*What is being asked*.
Restate word for word the entries below, starting at the line with "Керамогранит NT Ceramic" and ending at the line with "Wit Gebruikt 2021". Keep both end lines and omit the pictures.
***** Information given *****
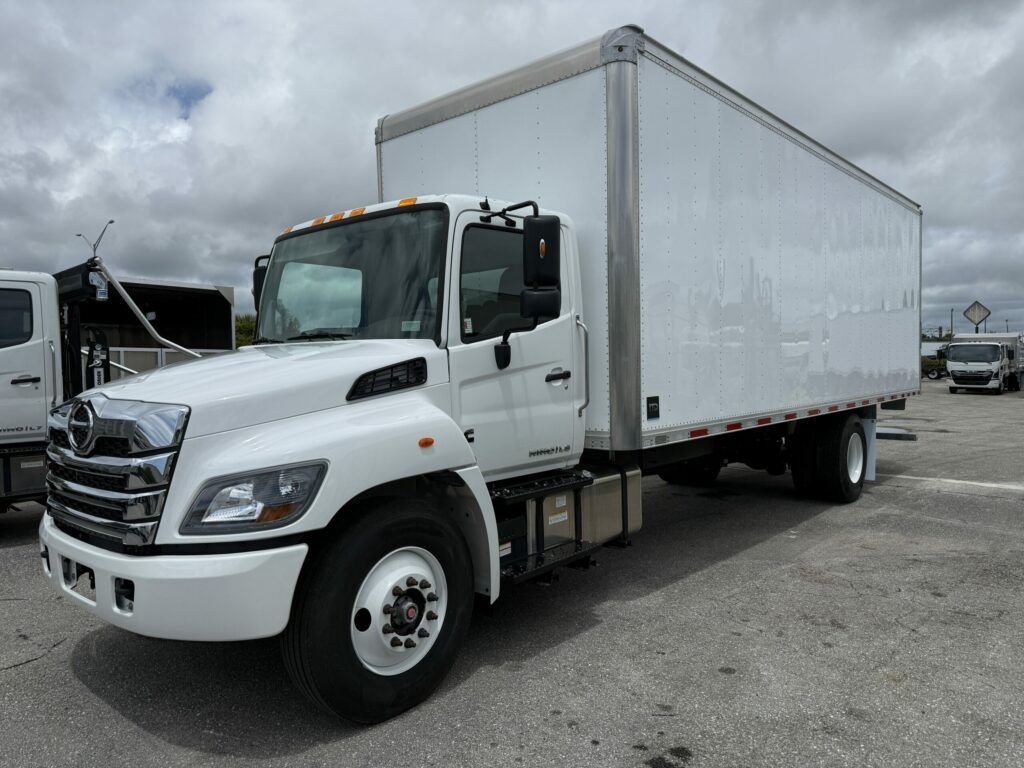 1024x768 Box Truck Archives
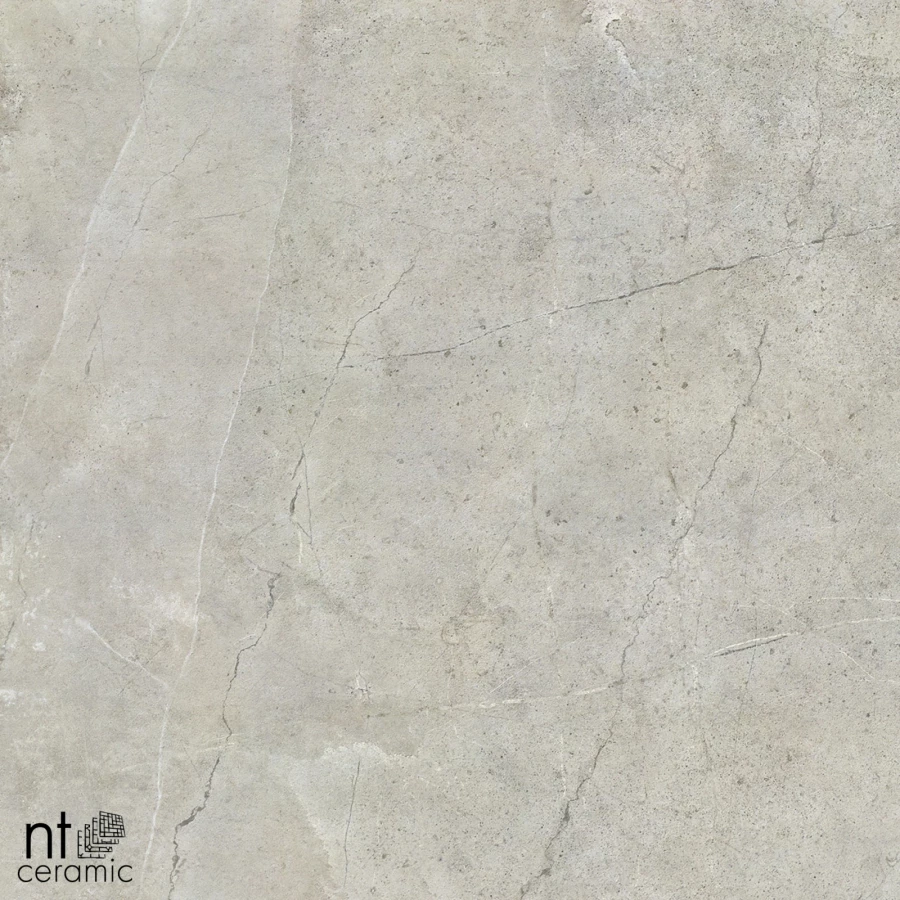 Керамогранит NT Ceramic Quanta Grey NTT9022 Матовый NS6NTT9022L 60х60 см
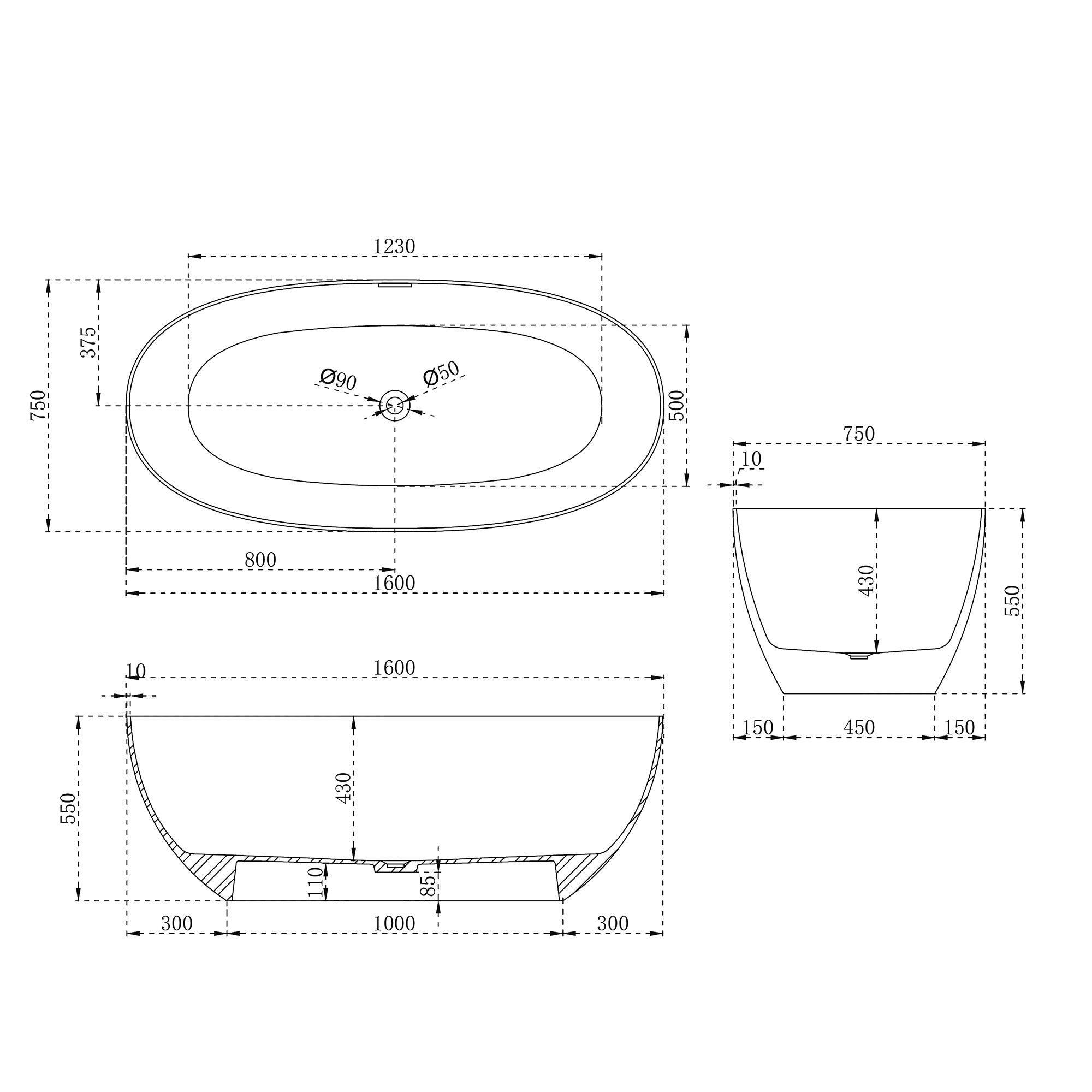 ����� �� �������������� ����� ABBER Stein AS9624-1.6 ����� �������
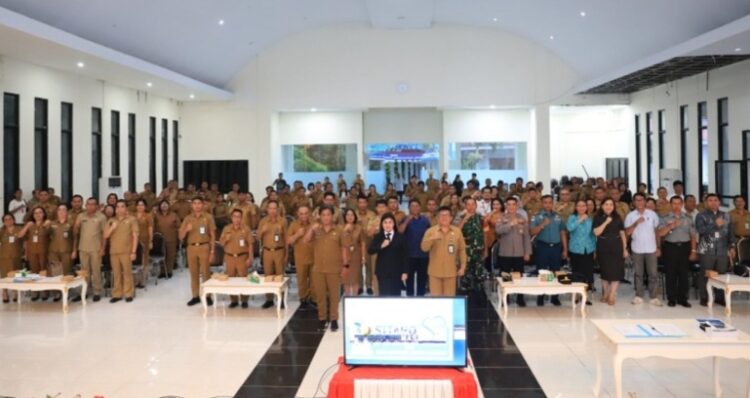 Pemkab Sitaro Gelar Musrenbang RPJMD, Ada Pesan Penting Bupati Chyntia Kalangit Buat Kapitalau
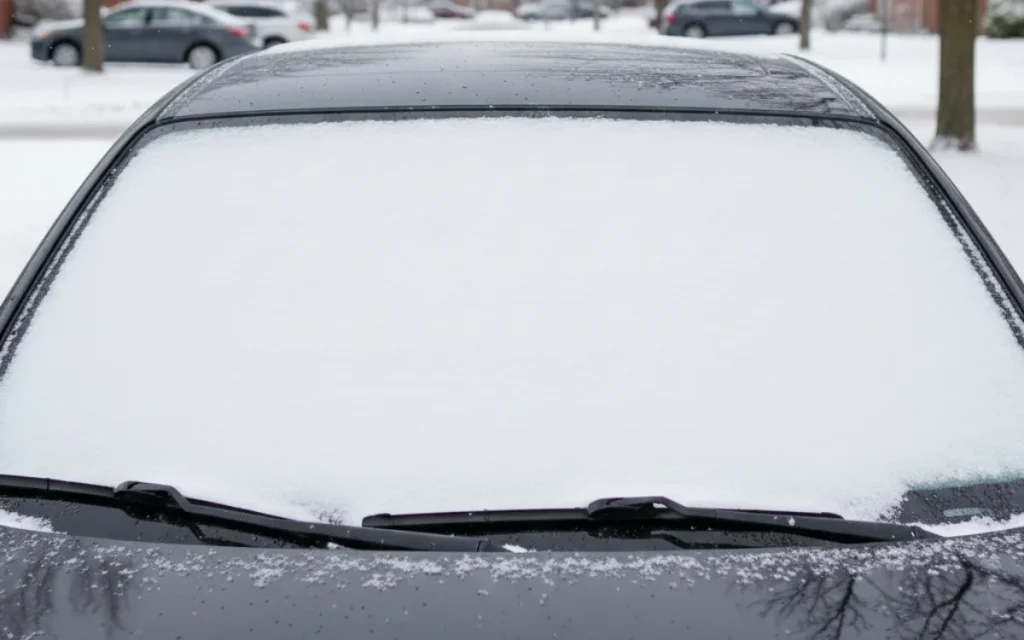 This Canadian invention melts two inches of windscreen ice in seconds whilst adding 24 miles of range to your EV 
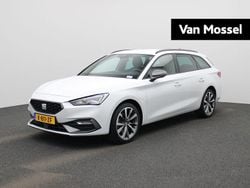 Wit Gebruikt 2021 Seat Leon FR Stationwagen | € 18.400 (Eerlijke prijs)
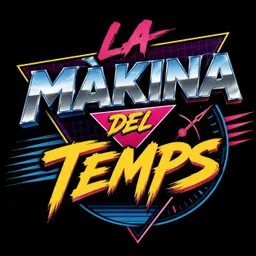 La màkina del temps del 23/10/2026 - episode art
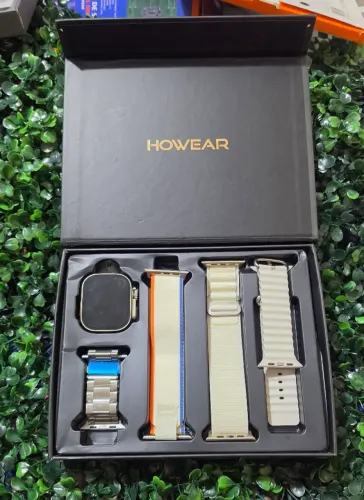 Smartwatch com Pulseiras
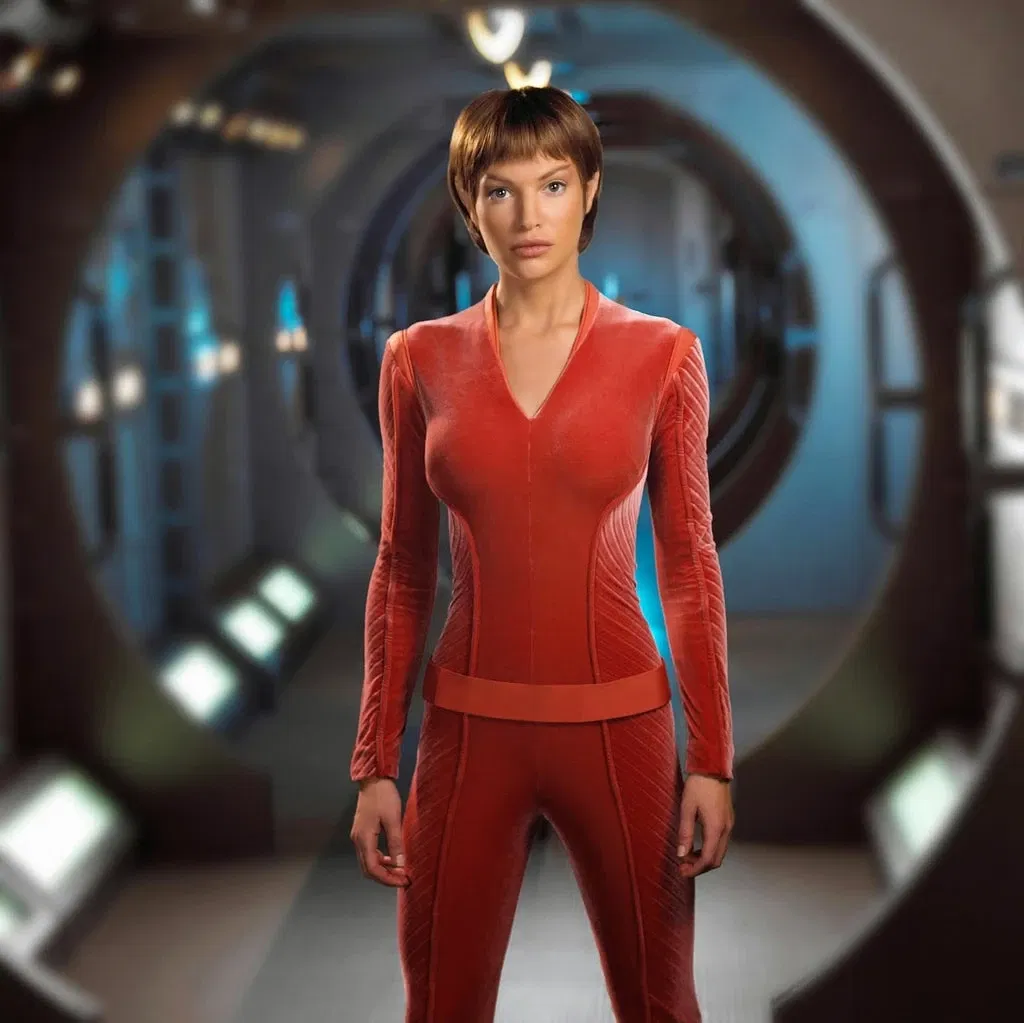 Avatar of T'Pol
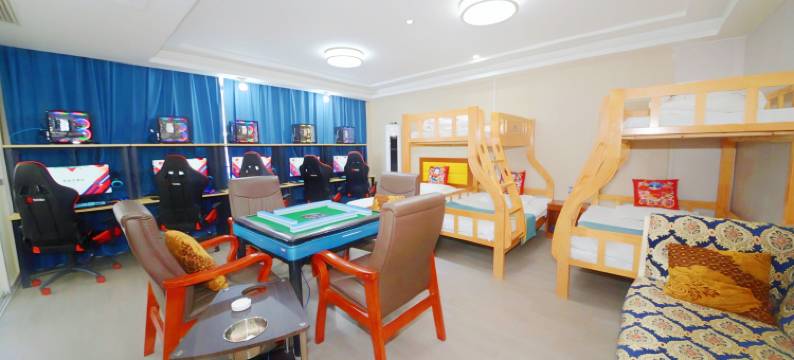 创电竞智选酒店(杭州乔司地铁站店)图片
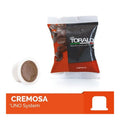 caffè Toraldo compatibile Uno System* miscela Cremosa 100 capsule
*****
*Problem solution*.
 Керамогранит NT Ceramic Quanta Grey NTT9022 Матовый NS6NTT9022L 60х60 см
 ����� �� �������������� ����� ABBER Stein AS9624-1.6 ����� �������
 Pemkab Sitaro Gelar Musrenbang RPJMD, Ada Pesan Penting Bupati Chyntia Kalangit Buat Kapitalau
 This Canadian invention melts two inches of windscreen ice in seconds whilst adding 24 miles of range to your EV 
 Wit Gebruikt 2021 Seat Leon FR Stationwagen | € 18.400 (Eerlijke prijs)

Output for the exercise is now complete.